(Image-caption web data)
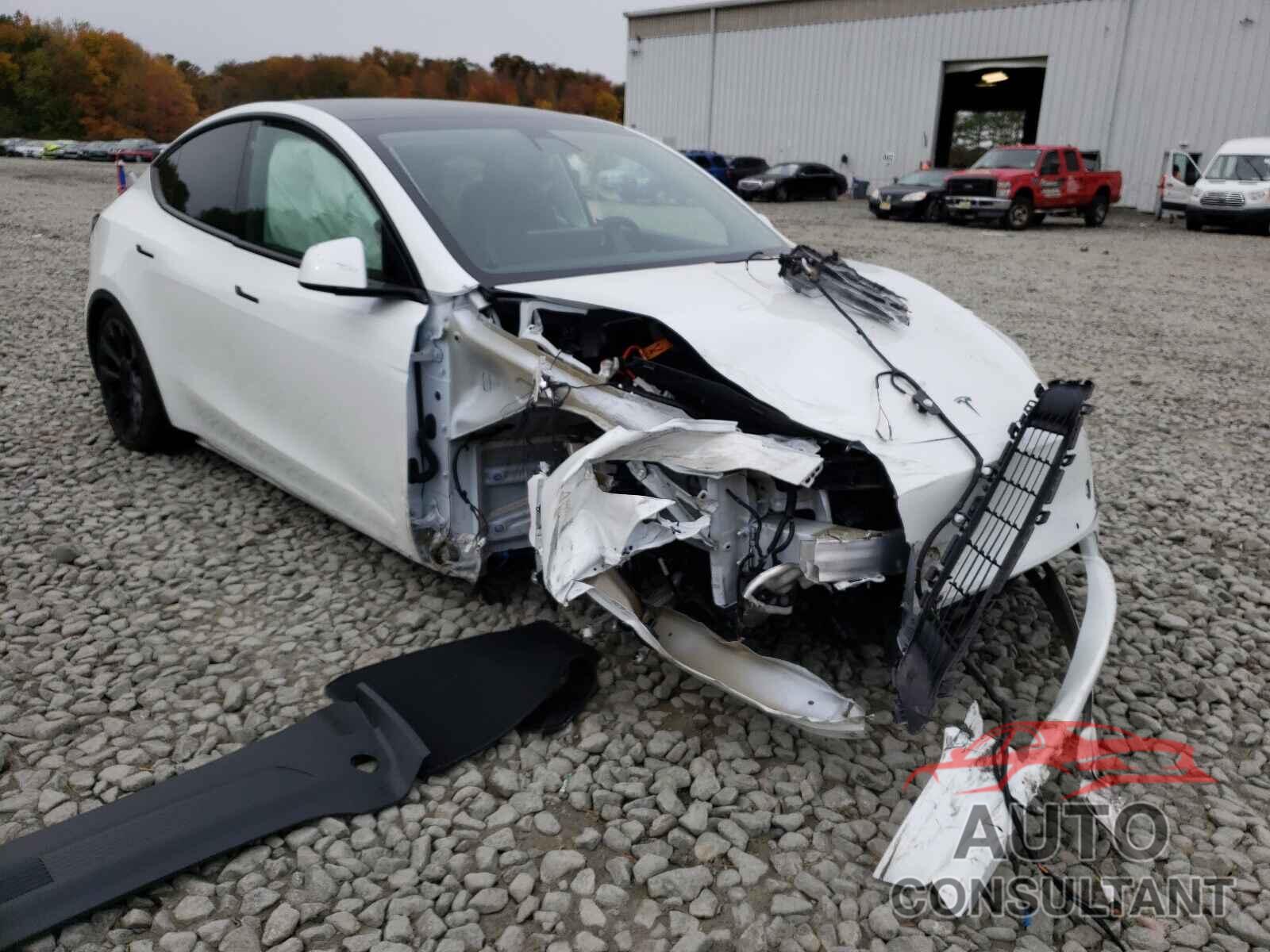 TESLA MODEL Y 2021 - 5YJYGDEE6MF138966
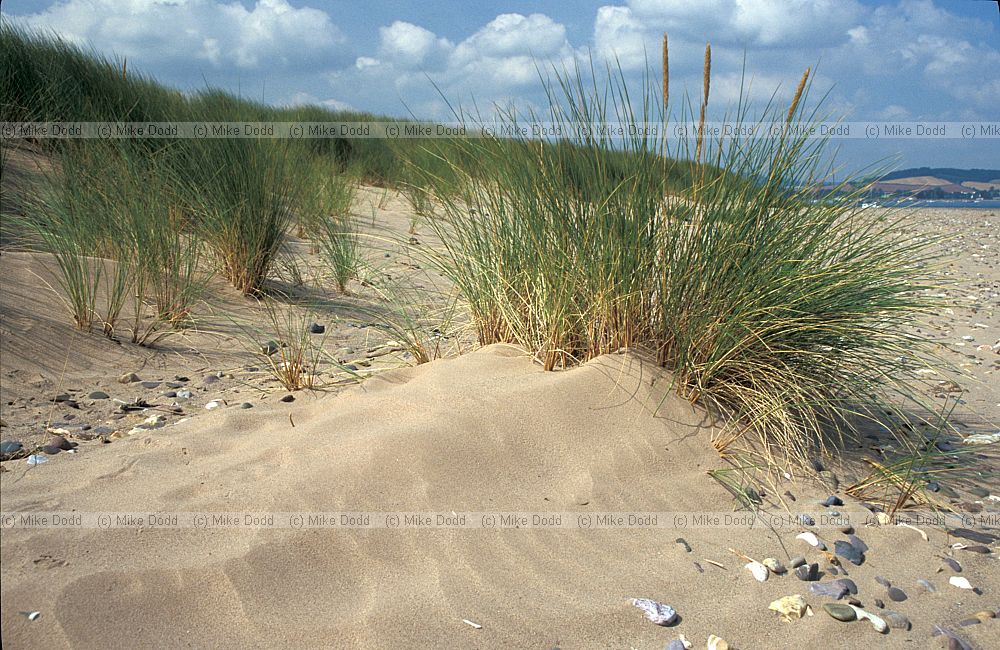 Ammophila arenaria Marram
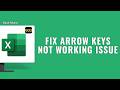 How To Fix Arrow Keys in Microsoft Excel ?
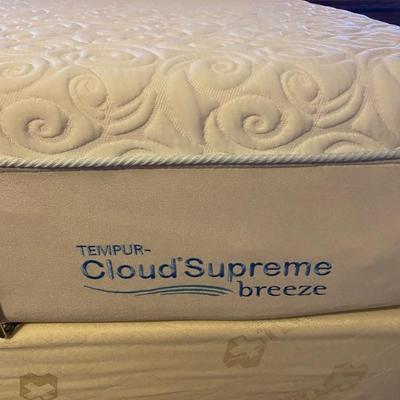 Adjustable Tempur Cloud Supreme Queen 
Size with Remote.
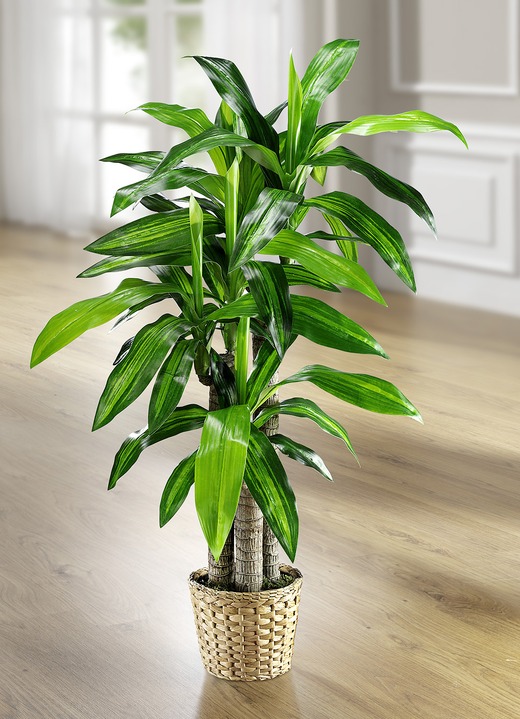 Kunst- & textielplanten - Dracena-palm, in Farbe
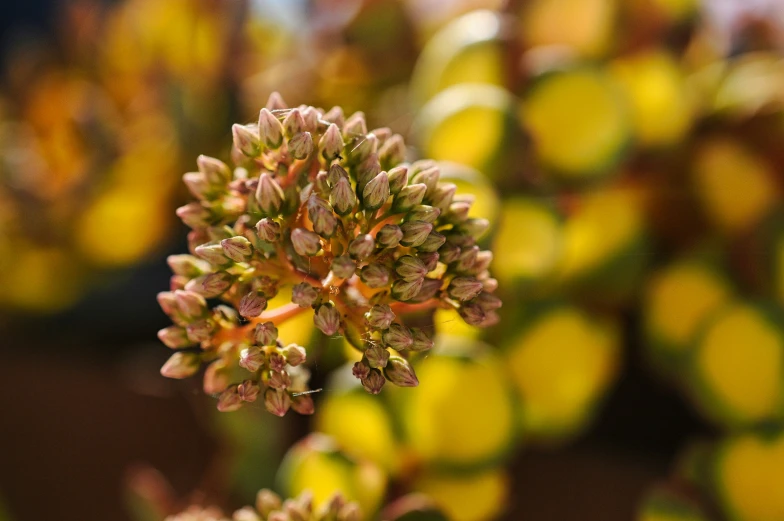 the flowers of the plant are pink with green centers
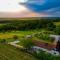 VINEA PANONIKA wine & mind retreat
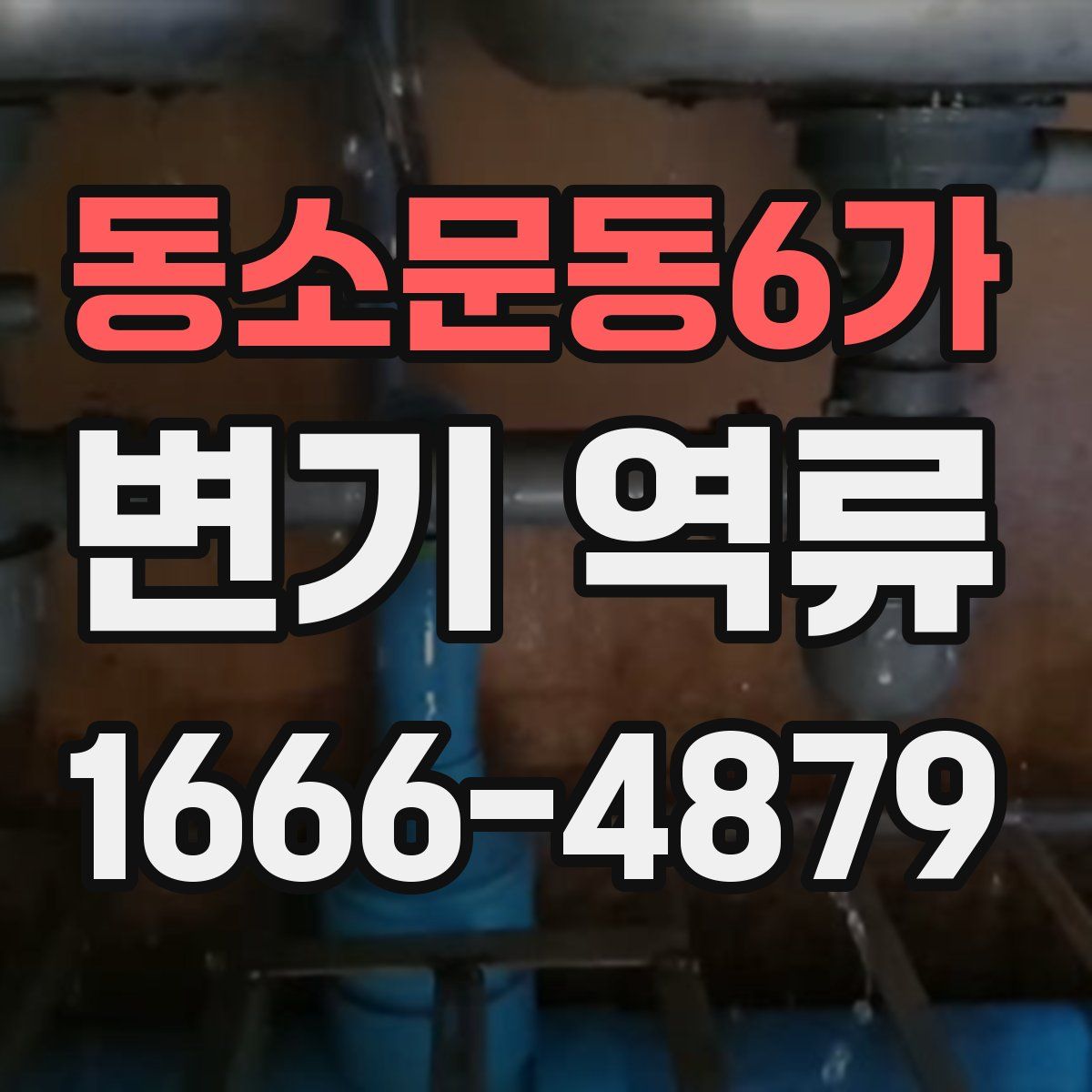 동소문동6가 변기 역류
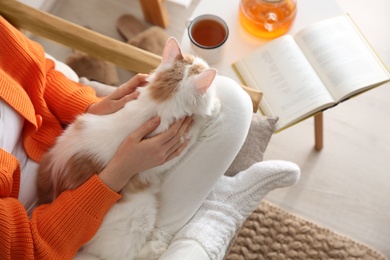 Photo of Woman with cute fluffy cat in armchair, top view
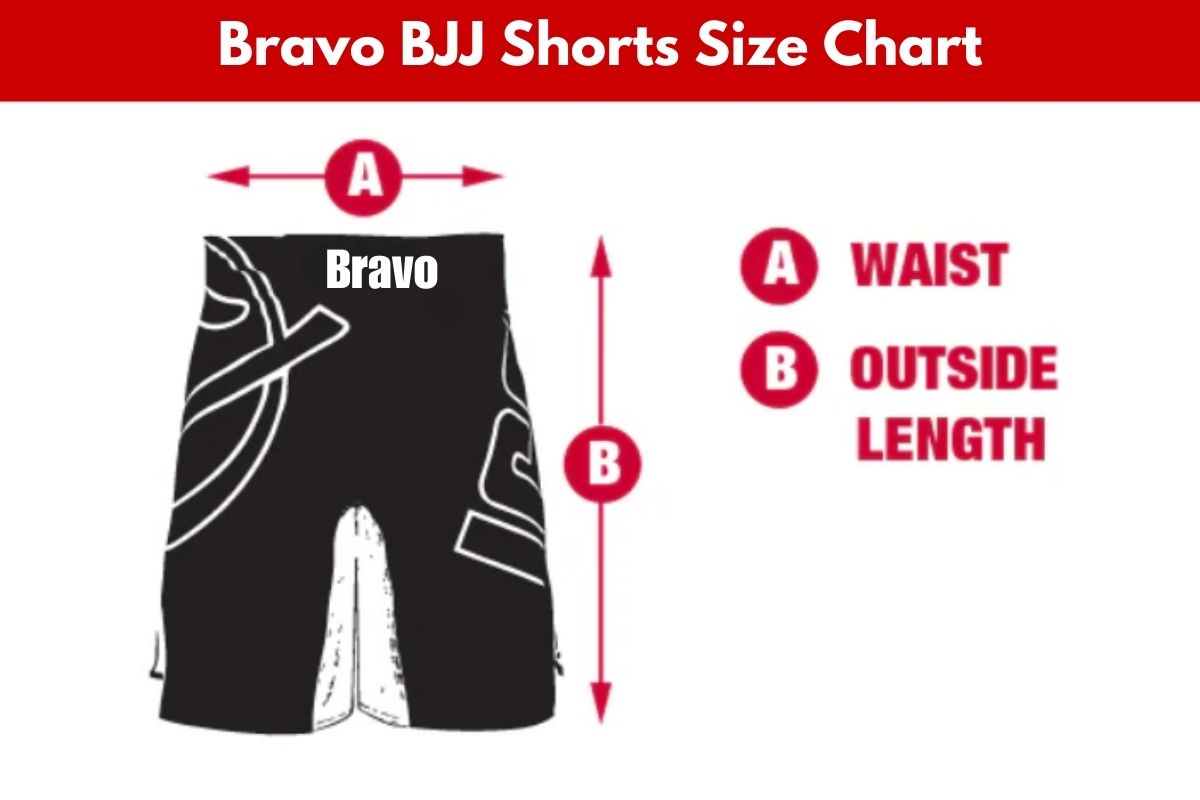 BJJ shorts size chart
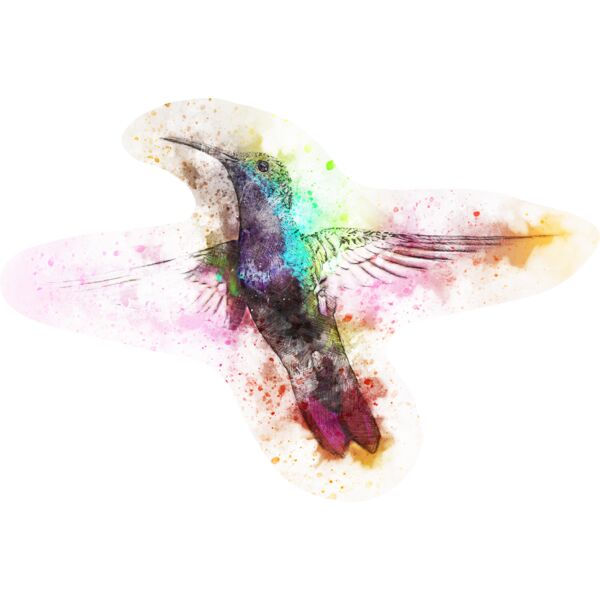 bird 2622395 Thumbnail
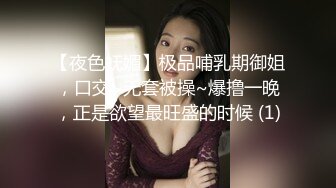 【夜色妩媚】极品哺乳期御姐，口交~无套被操~爆撸一晚，正是欲望最旺盛的时候 (1)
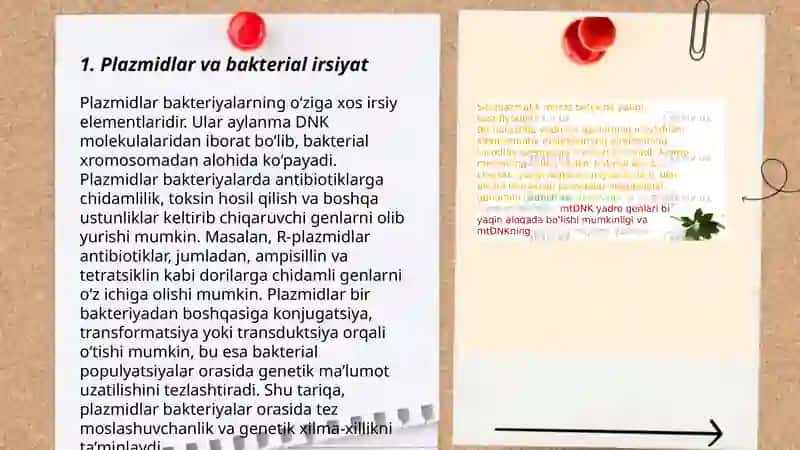 Mikroorganizmlarning genetikasi va o'zgaruvchanligi 3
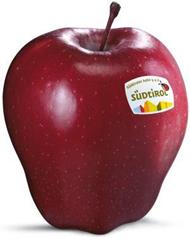 Foto der Apfelsorte Red Delicious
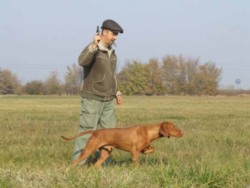 Oktober 2011 Field Trial in Cegléd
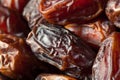 Raw Organic Medjool Dates Royalty Free Stock Photo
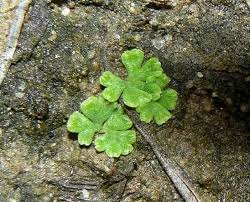 Attēlu rezultāti vaicājumam “Riccia glauca”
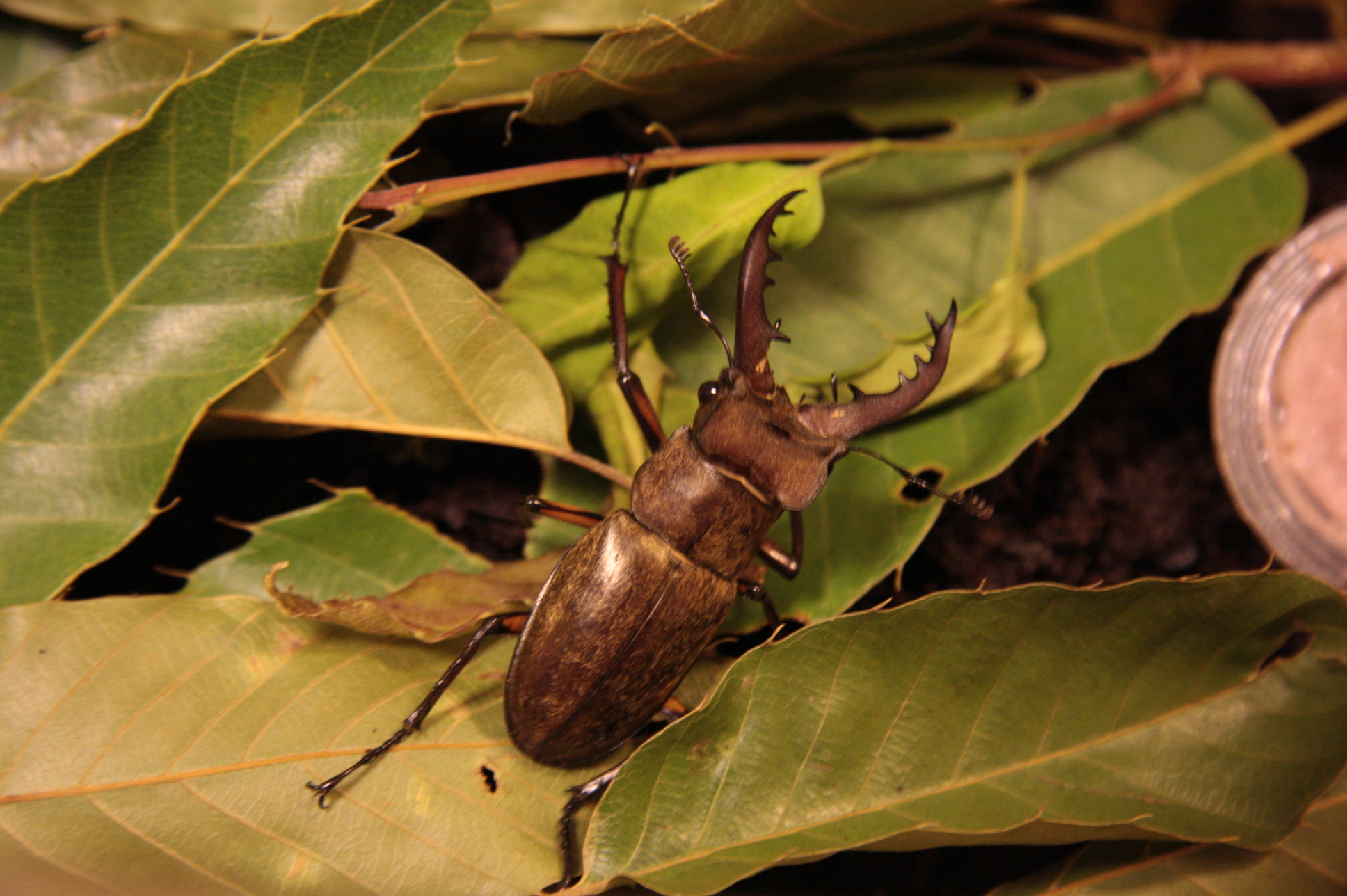 ファイル 235-3.jpg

● PROBLEM: Leaving out the pictures, repeat all the entries exactly as they stand.

● OUTPUT:
 TESLA MODEL Y 2021 - 5YJYGDEE6MF138966
 Ammophila arenaria Marram
 How To Fix Arrow Keys in Microsoft Excel ?
 Adjustable Tempur Cloud Supreme Queen 
Size with Remote.
 Kunst- & textielplanten - Dracena-palm, in Farbe
 the flowers of the plant are pink with green centers
 VINEA PANONIKA wine & mind retreat
 동소문동6가 변기 역류
 Photo of Woman with cute fluffy cat in armchair, top view
 BJJ shorts size chart
 bird 2622395 Thumbnail
 【夜色妩媚】极品哺乳期御姐，口交~无套被操~爆撸一晚，正是欲望最旺盛的时候 (1)
 Mikroorganizmlarning genetikasi va o'zgaruvchanligi 3
 Foto der Apfelsorte Red Delicious
 Oktober 2011 Field Trial in Cegléd
 Raw Organic Medjool Dates Royalty Free Stock Photo
 Attēlu rezultāti vaicājumam “Riccia glauca”
 ファイル 235-3.jpg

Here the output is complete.